More Than Thoughts & Prayers

More Than “Thoughts And Prayers”

So it’s floating around in the news that Mr. President Trump made some remarks about mental illness being a cause of the church massacre on Sunday. I apologize that I am getting into this political topic because I like to stay away from those types of things on this blog, but I can’t be silent when someone with that kind of prominence is making such claims.

So, the question shouldn’t be gun control, legislation, blah, blah, blah. Nor should mental illness be blamed for such heinous and outright intentional crimes. But the question should be, even if it is mental illness, what are we as a nation going to do about it? 

So, to help answer that question I invited my good friend, former healthcare administrator and fellow Word Weaver, Dr. John F. Baggett to guest post here on the topic.


 

When Thoughts and Prayers Are Not Enough

   Have you ever noticed the first response of most political leaders to disasters of all kinds. It is almost always to say their thoughts and prayers go out to the victims? We saw it on the news, again and again, after Hurricanes devastated Texas, Florida, and Puerto Rico. We heard it, as well, when fires ravaged California, after the Las Vegas mass murders and the Texas church massacre. Now, as a person of faith, I believe in praying for others, especially those who are hurting and in need of help and comfort. But, as a follower of Jesus, I know thoughts and prayers are not enough.

Jesus did not say “I was hungry and you sent me your thoughts and prayers. I was thirsty and you thought about me, and prayed for me.” He said, ” I was hungry and you gave me food. I was thirsty and you gave me drink.” (Matthew 25:35) Prayer that is not followed by action is, in my view, offensive to God. I think that is also a part of the message of James:

…If a brother or sister is poorly clothed and lacking in daily food, and one of you says to them, ‘Go in peace, be warmed and filled.’ without giving them the things needed for the body, what good is that?   (James 2:15-16)

The recent tragic massacre in Texas where a mentally ill person used a gun to kill and wound church members is a case in point. The politicians would have us believe that these mass murders are caused by either mental illness or guns, (but not by a combination) and since they don’t want to have the NRA oppose them in the next election they tend to blame mental illness. But do they really mean it? Or is it just a political dodge? The proof of their hypocrisy is revealed by their actions. Instead of increasing funding for mental health services, they send their “thoughts and prayers” to the victims. And instead of addressing the problem of the availability of guns designed to be used in combat, they call it a mental health problem, and again send their thoughts and prayers to the families of the victims.

We have a mental health crisis in this country. The rare but deadly incidence of mass shootings is just the visible tip of the iceberg. What is a family member, or even a good friend supposed to do if they suspect someone close to them is having a mental health crisis and is either suicidal or homicidal? Every day, desperate persons with mental illness, and their families, seek help from local mental health clinics and from Veteran’s health services, only to be refused treatment, or to be treated briefly and inadequately, and then sent home or out to the streets. Why does this happen? It is a complex problem, but the biggest reason is that mental health services are inadequately funded by Federal, state, and local governments and discriminated against by insurance companies. Because of the limitations on funding, providers are overwhelmed by mental health needs they cannot realistically meet. Not only are services inadequately funded, but research that could produce better pharmacological and psycho-social treatments are also underfunded.

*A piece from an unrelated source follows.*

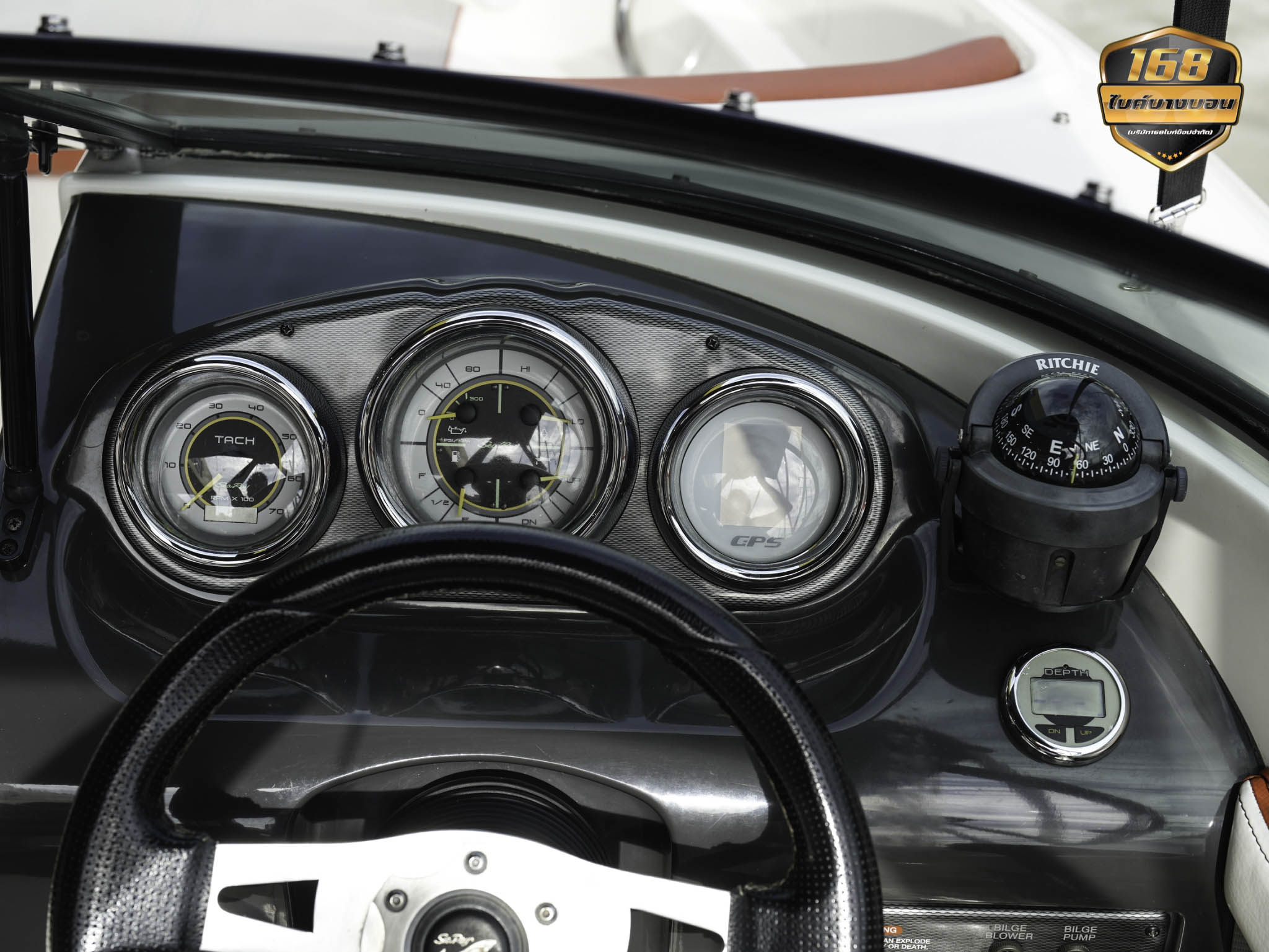 เรือ SeaRay 190 Sport 3.0L Y2013 สภาพดีมากพร้อมใช้งาน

The answer to the public crisis is, however, more than monetary. Our community based treatments tend to follow traditional outpatient and inpatient models when research has demonstrated more effective psycho-social models. One modality that would likely have an immediate impact on the risk of suicide and homicide, including mass murder, would be to have in every county of this nation, mobile interdisciplinary crisis intervention teams with the ability to respond to emergency requests to provide assessment, and both voluntary and involuntary treatment and support. In other words, some existing resources could be redirected from traditional treatment modes to a more effective model of responding to persons going through personal mental health crises.

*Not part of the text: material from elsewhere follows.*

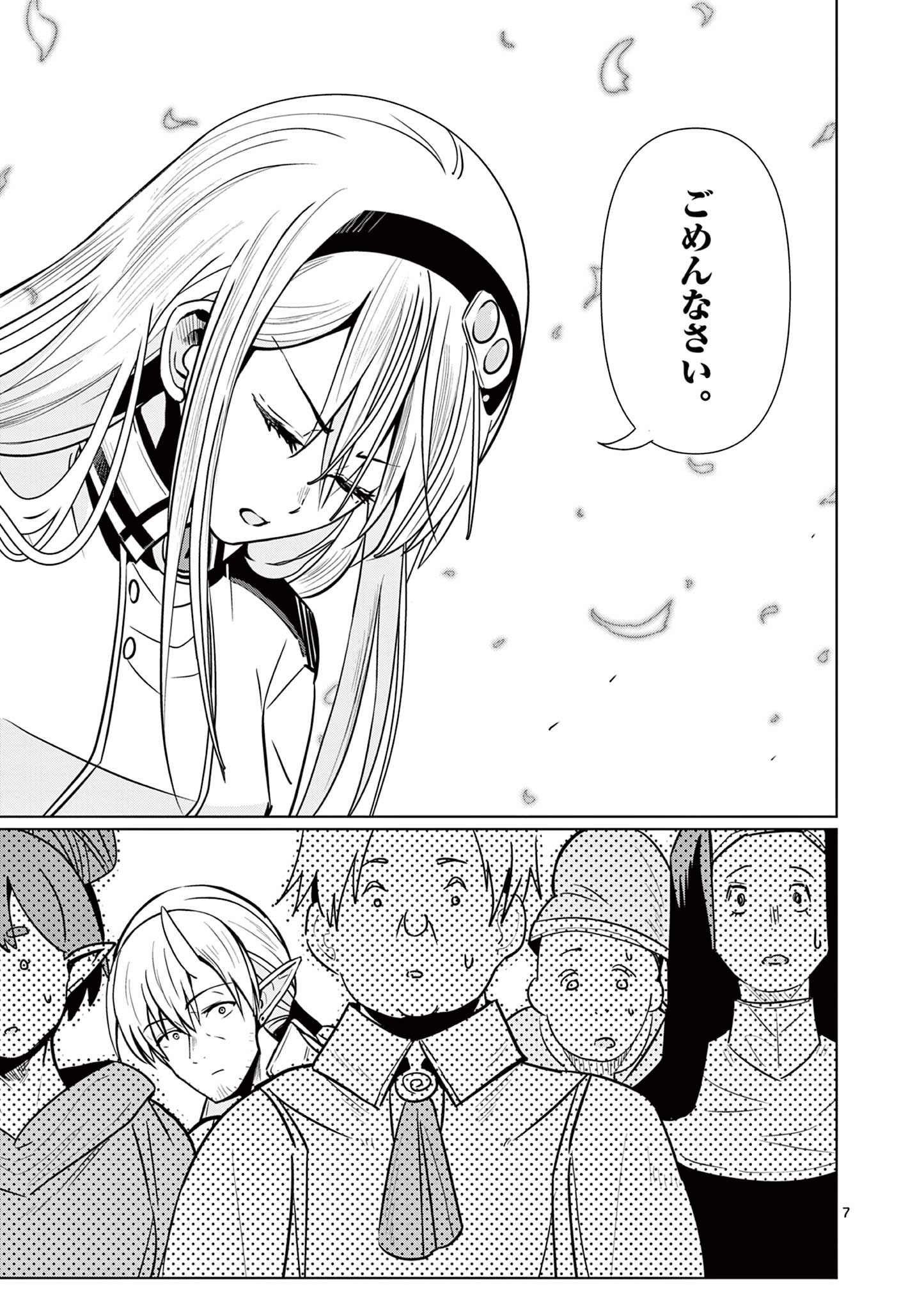 Moto Deshi ga Maou ni Natta Sei de, Yuusha ni Renko Saremashita. - Chapter 2 - Page 7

In my view, we need to address both mental illness and the open access of guns for persons with histories of mental illness and/or domestic abuse. Can better mental health care make a difference? Absolutely! If we are willing to invest resources in mobile crisis intervention teams with the ability to provide both voluntary and involuntary treatment, at least some of these tragedies can be prevented. Can prohibiting “bump stocks” and increasing regulations that make it unlikely a mentally unstable person will be able to purchase a weapon make a difference? Of course it can. It’s time for followers of Jesus to do more than send thoughts and prayers. It’s time to send people to Congress or to state legislatures who have the political courage to do more than send their thoughts and prayers.